In particular the timer for limiting turns to two minutes could make things more amusingly frantic, but I would want to be more familiar with the game before enforcing that rule.

However in the one and half(ish) games that I’ve played have revealed a number of problems.

First the game balancing seems marginal, particularly in the Guild Round, for a three player game.  It is telling that the special rules for a two player game simulate a 4 player council

Second, the aptly named Ill Winds event cards seem designed to be indiscriminately damaging rather than targeting the leader. Indeed several are constructed in such a way as to give the leader more of an advantage even when drawn by someone else.

Third, there are 5 player pawns, and maybe half a dozen NPCs in the skyship crew cards. Only one of the NPCs is female, and frankly I expect better than that in modern game design.
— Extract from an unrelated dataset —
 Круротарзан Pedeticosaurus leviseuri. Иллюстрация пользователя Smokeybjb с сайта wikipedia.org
Fourth, the purchasing of victory points would be a nice mechanic were it not for the fact that being ahead lets you start rigging the market in the Guild Round.  Like the Ill Wind cards this is a design to help someone run away with the game.  The strong point here is that buying influence in the Guild Round does drain you of money to buy commodities in the Action Round, the weak point is that one good trade can net enough cast to buy 30 victory points in a hit.
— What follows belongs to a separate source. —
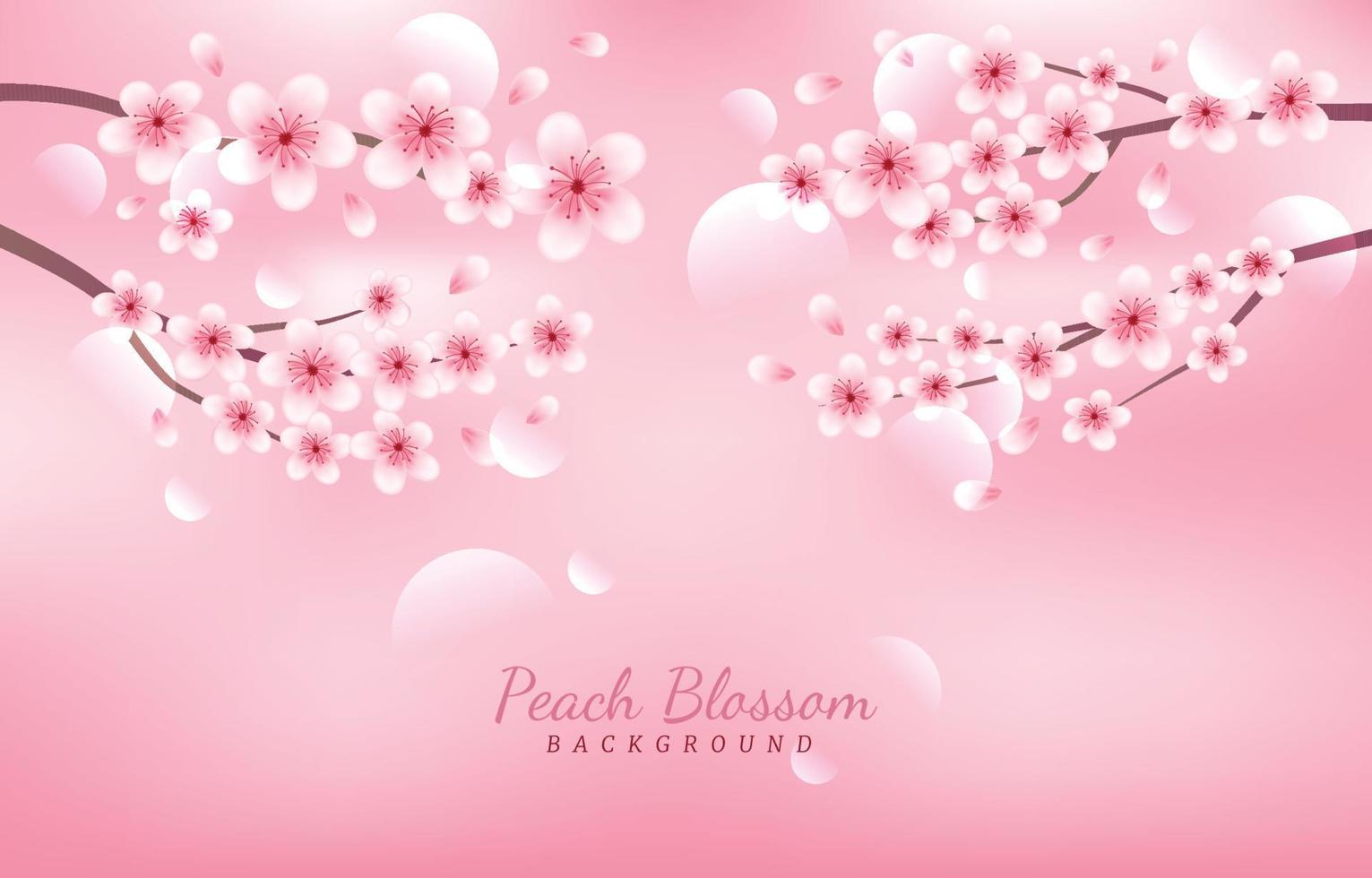 persika blomma blommor söt och tös bakgrund begrepp vektor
This leads into, fifth, although 50 victory points looked like a lot when we started playing it can actually happen very quickly indeed.  If one player is locked out of key commodities then that player can be on zero when another wins, and another is 3-4 points behind.
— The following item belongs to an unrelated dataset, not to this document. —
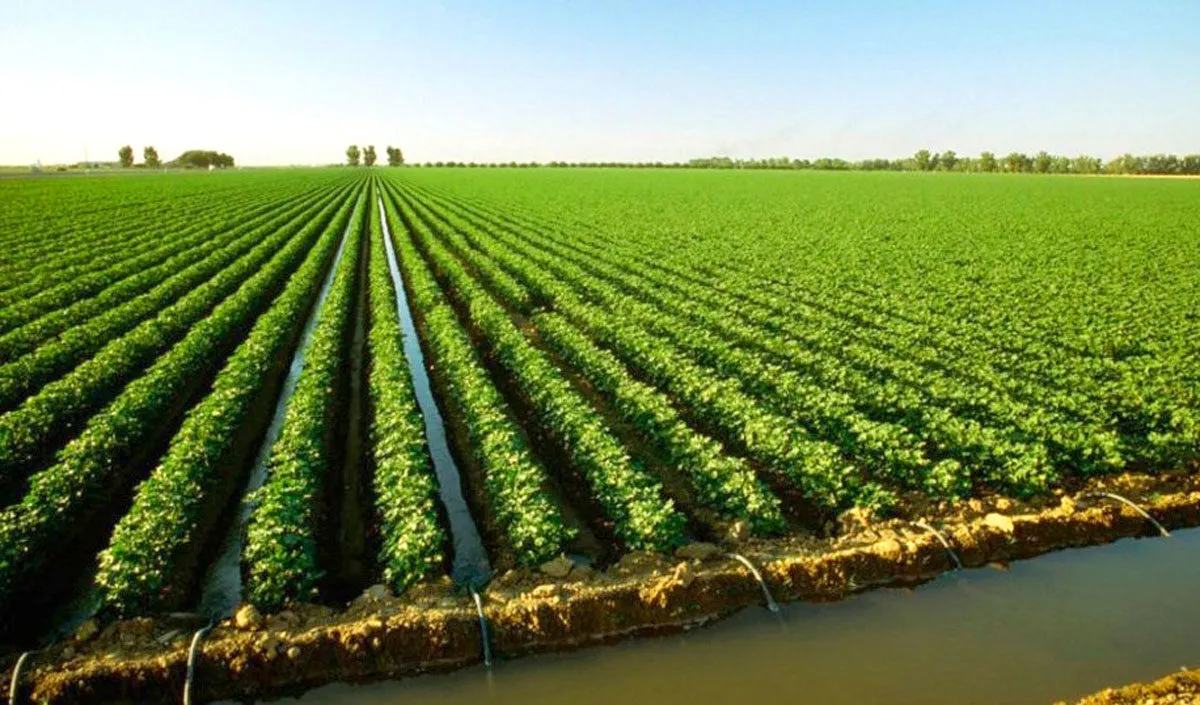 land improvement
Sixth, the “illegal” commodities [2] have much higher risk profiles but not necessarily the rewards to justify the risks.  Certainly by the second game all three of us were steering clear of those as much as possible.

I am possibly being overcritical here; it may be that the balance issues would diminish in a 4 – 5 player game. Enforcing the 2 minute rules might also enhance the experience of the game.

Overall I’m ranking Sky Traders as marginal, but may revise it upwards later if a 5 player game substantially improves the experience.

[1] Movement is on a hex map constructed at the start of play so the layout does change.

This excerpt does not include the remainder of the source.